(Caption-style text data)

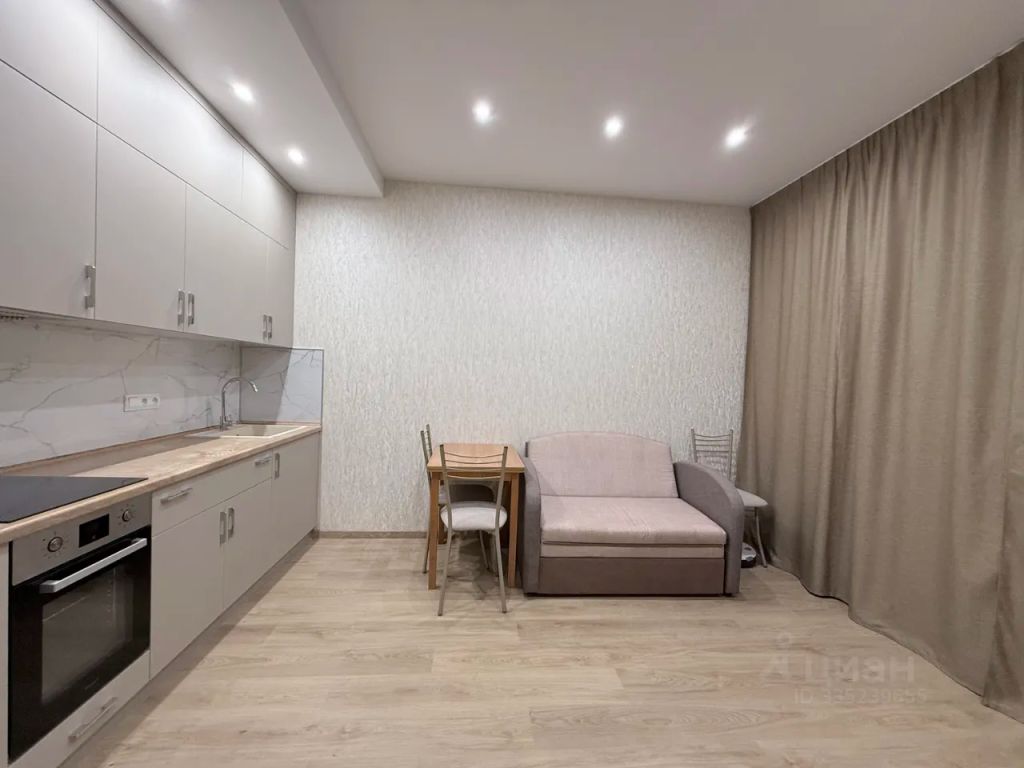 m. Bitsa: Apartment, 1-rooms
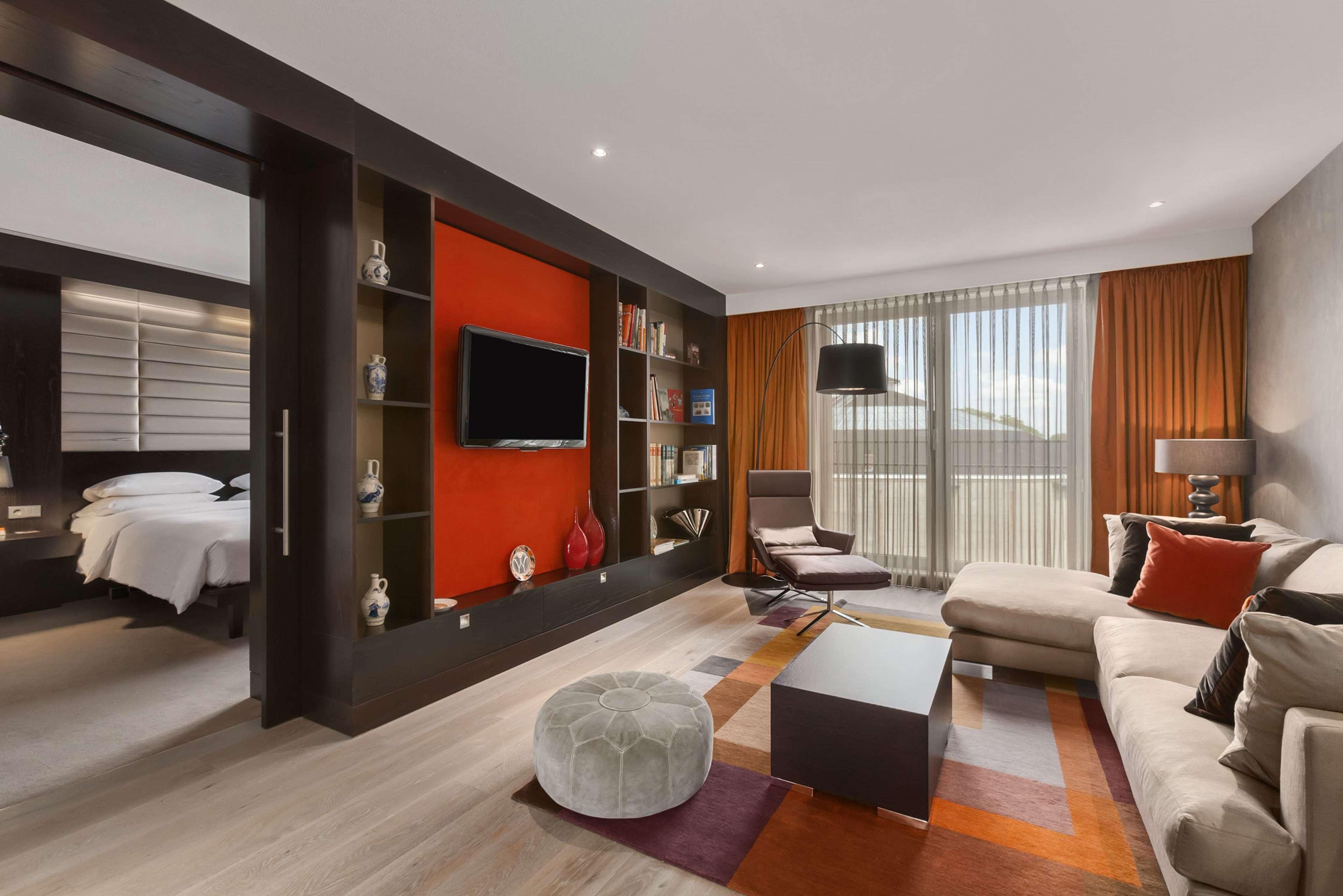 Hilton 5* La Haya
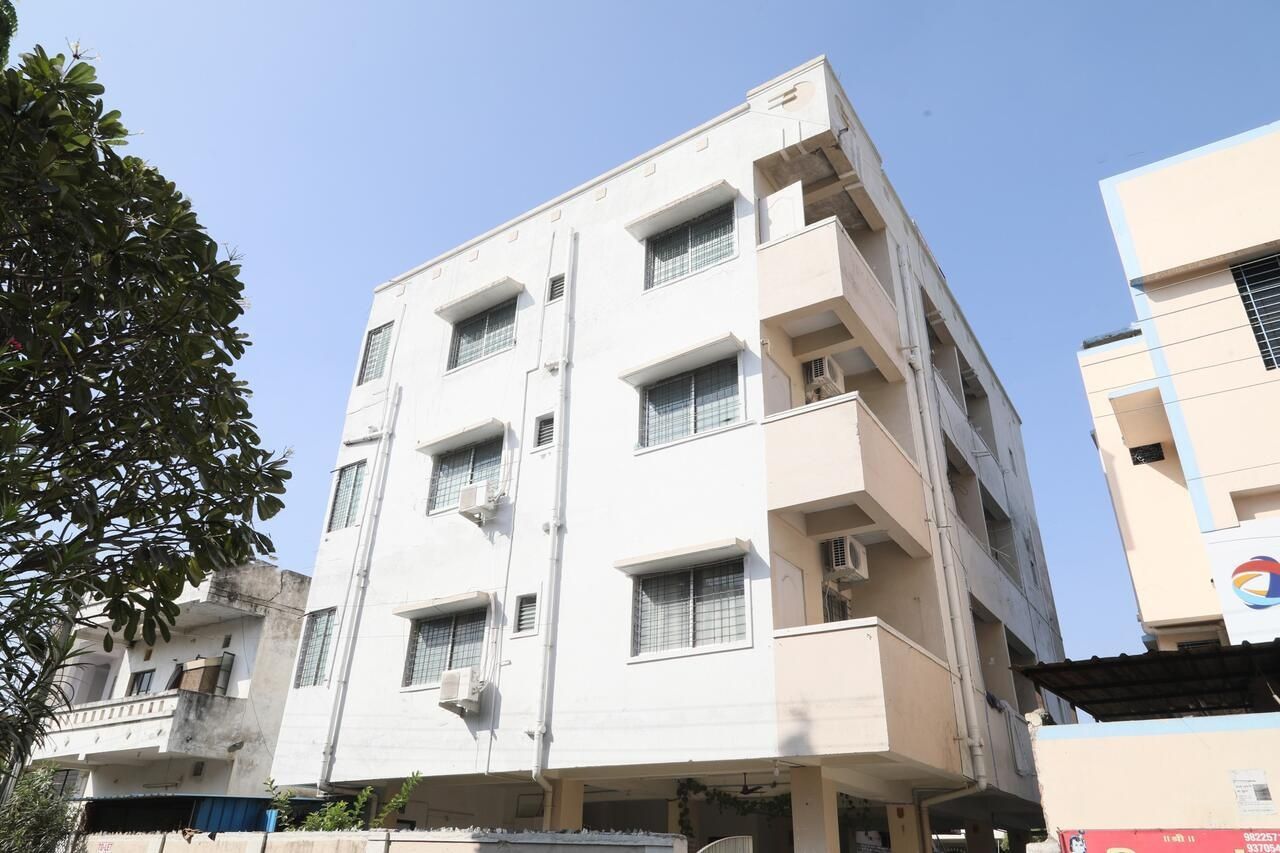 undefined OYO 24924 Krishna Kunj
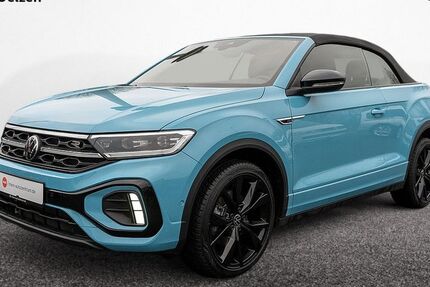 VW T-Roc 11.140 km 31.790 &euro; Uelzen 29525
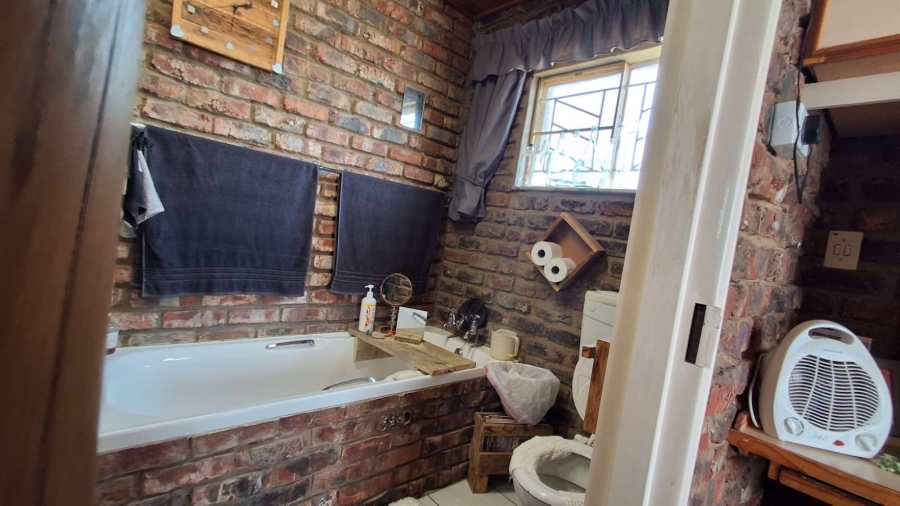 4 Bedroom Property for Sale in Residentia Free State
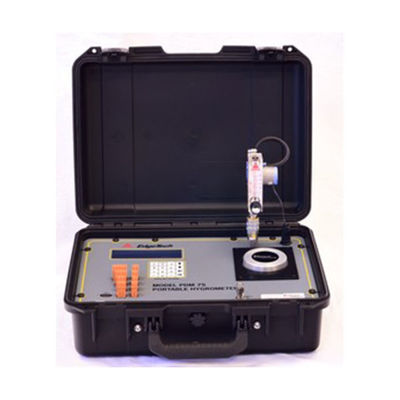 Immagine di PDM75-X3 – Igrometro portatile industriale a specchio raffreddato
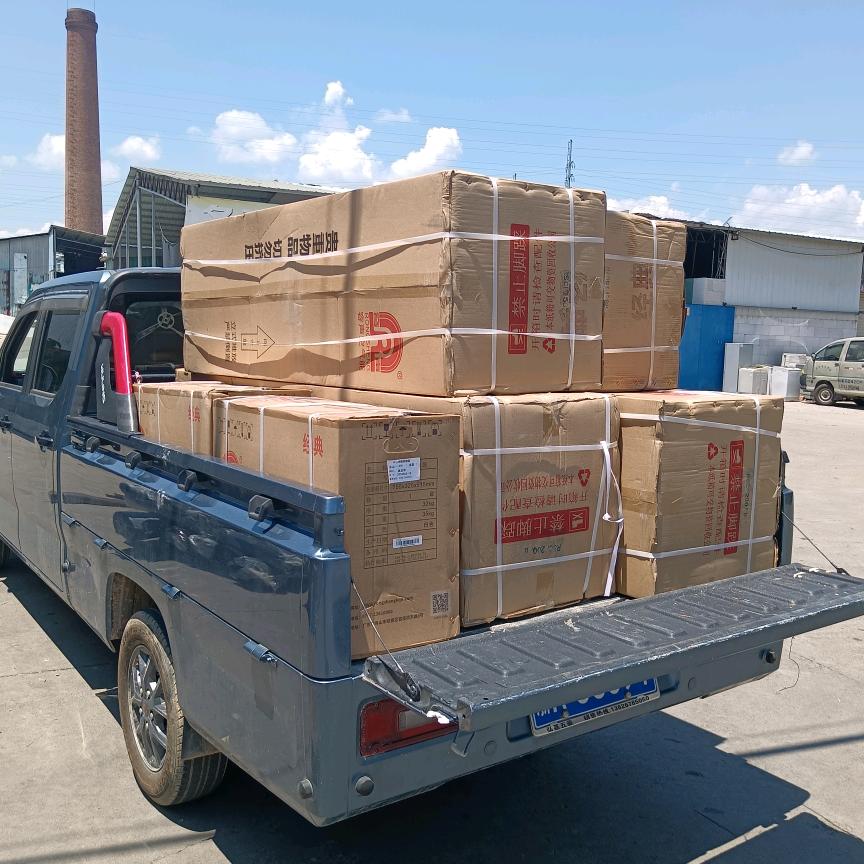 龙泉市金正华热水器经营部，（容声空气能）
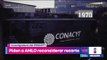 Investigadores del CONACYT piden a AMLO reconsiderar recortes | Noticias con Yuriria Sierra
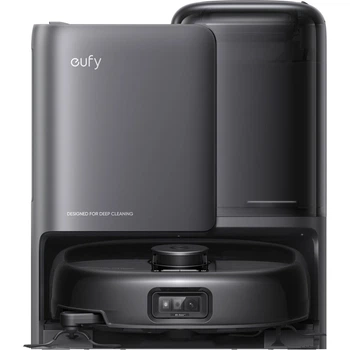 Робот-пилосос Eufy Omni E25 Black (T2353G11) [171063]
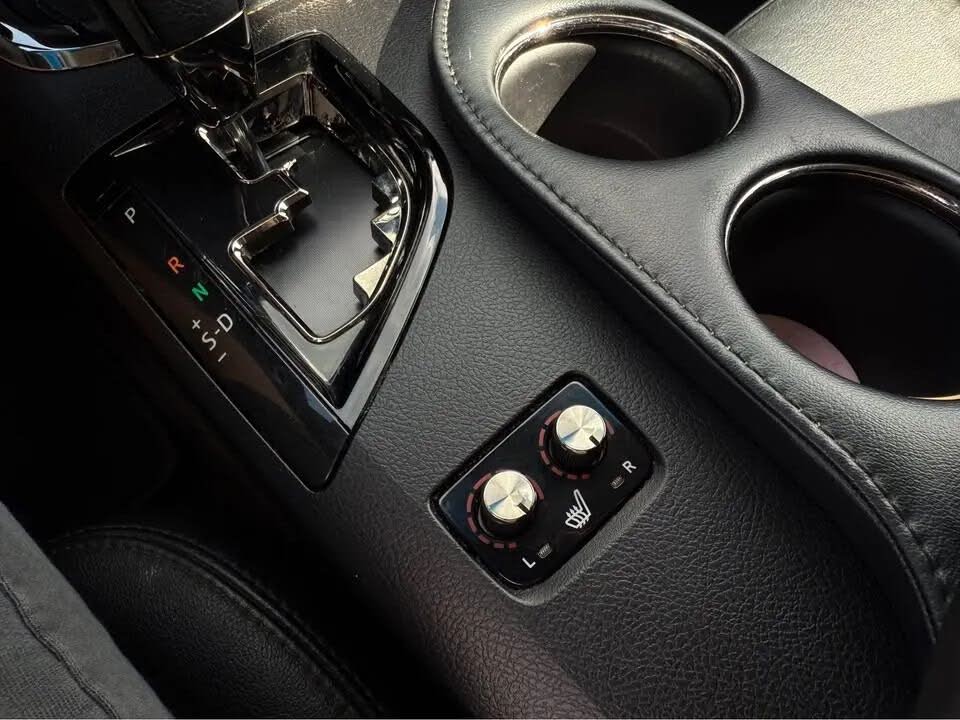 Toyota Avalon XLE Premium (2013) - Gasoline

#### What is expected:
From the line containing "4 Bedroom Property" through the end of the entries, quote each line exactly and nothing else, excluding all pictures.

#### Exercise result:
 4 Bedroom Property for Sale in Residentia Free State
 Immagine di PDM75-X3 – Igrometro portatile industriale a specchio raffreddato
 龙泉市金正华热水器经营部，（容声空气能）
 Investigadores del CONACYT piden a AMLO reconsiderar recortes | Noticias con Yuriria Sierra
 Робот-пилосос Eufy Omni E25 Black (T2353G11) [171063]
 Toyota Avalon XLE Premium (2013) - Gasoline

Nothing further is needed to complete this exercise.